■ Exercise objective
In the material below, begin at the line that has "European-Style Fashion Simple", stop after the line that has "Standardrundgrill + Windschutz", and transcribe those lines exactly, without pictures.

■ Information shown
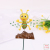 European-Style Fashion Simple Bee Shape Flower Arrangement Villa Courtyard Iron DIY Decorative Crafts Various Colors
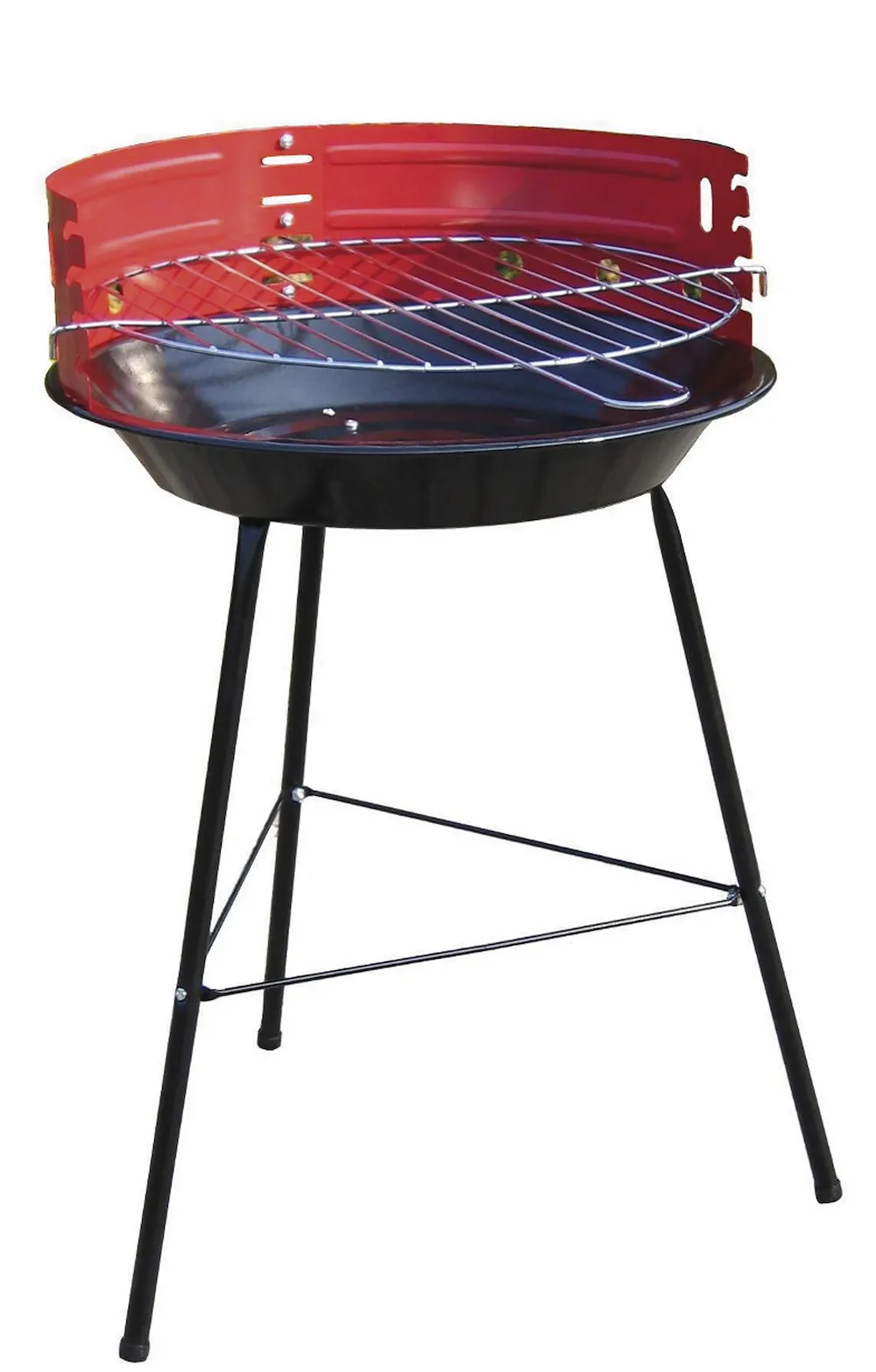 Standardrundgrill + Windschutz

...

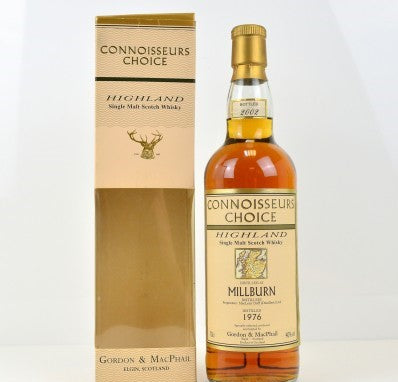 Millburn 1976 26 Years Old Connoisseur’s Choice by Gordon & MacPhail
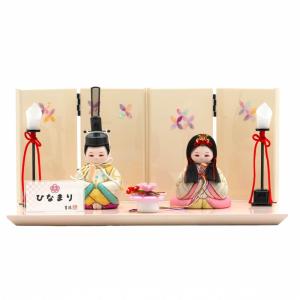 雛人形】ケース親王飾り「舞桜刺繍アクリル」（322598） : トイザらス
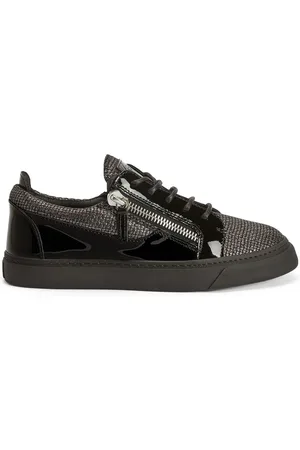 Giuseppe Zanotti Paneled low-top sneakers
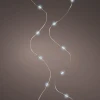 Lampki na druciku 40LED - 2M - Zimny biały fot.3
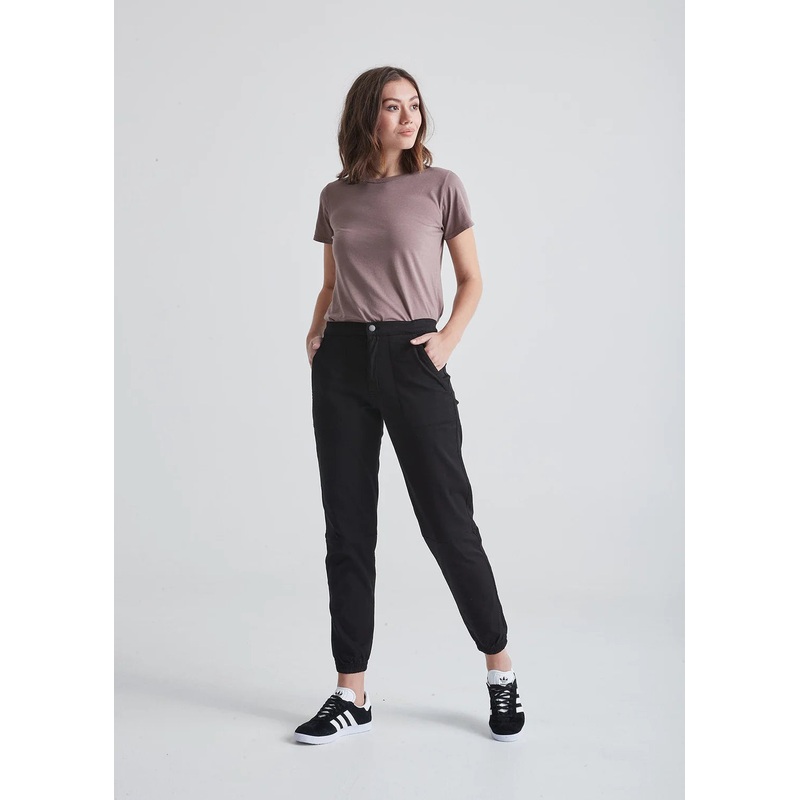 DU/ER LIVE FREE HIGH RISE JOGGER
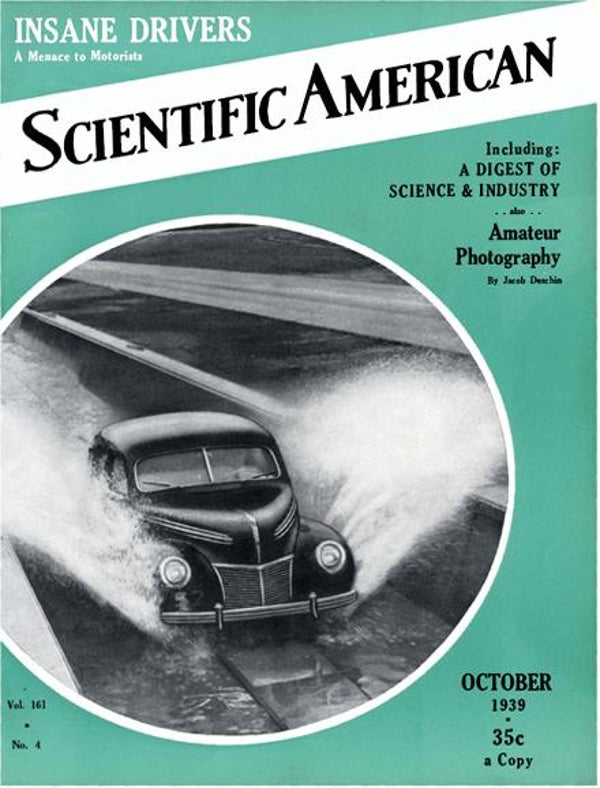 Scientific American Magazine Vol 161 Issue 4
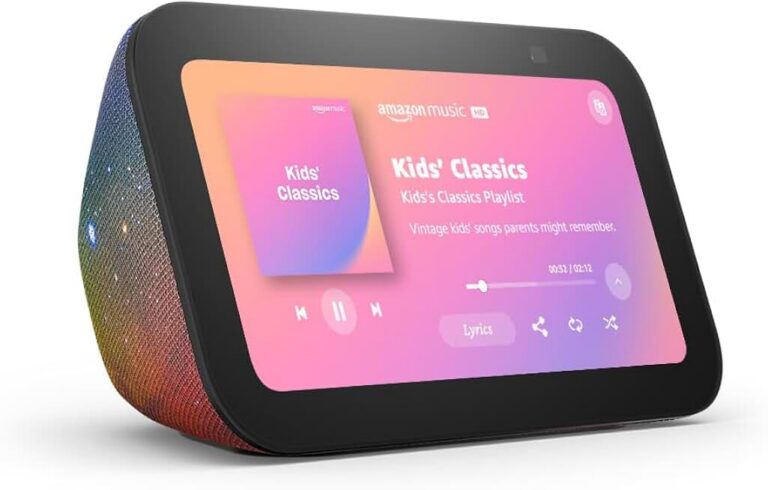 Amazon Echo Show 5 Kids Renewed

---

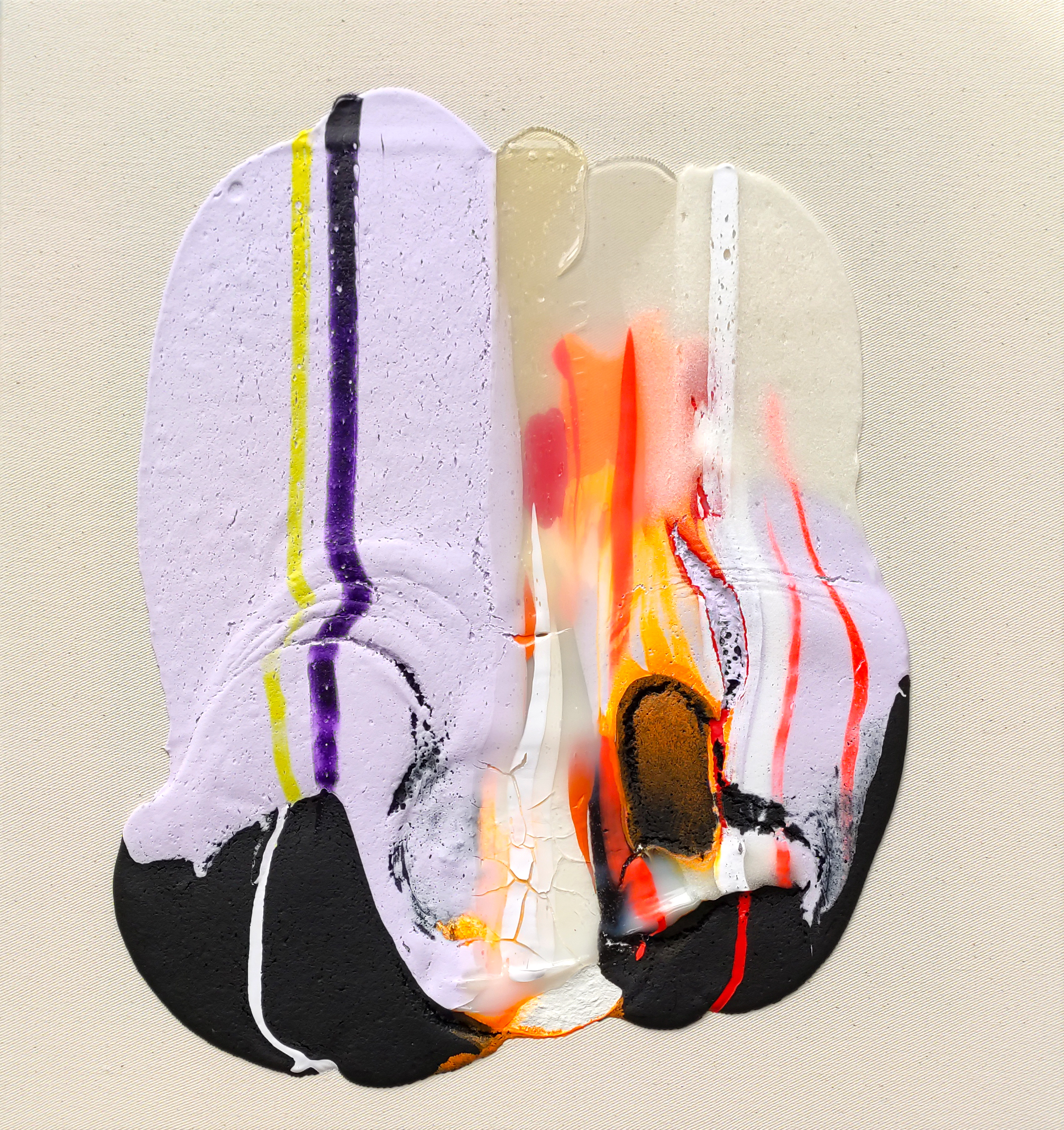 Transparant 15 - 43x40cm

■ Answer section
 European-Style Fashion Simple Bee Shape Flower Arrangement Villa Courtyard Iron DIY Decorative Crafts Various Colors
 Standardrundgrill + Windschutz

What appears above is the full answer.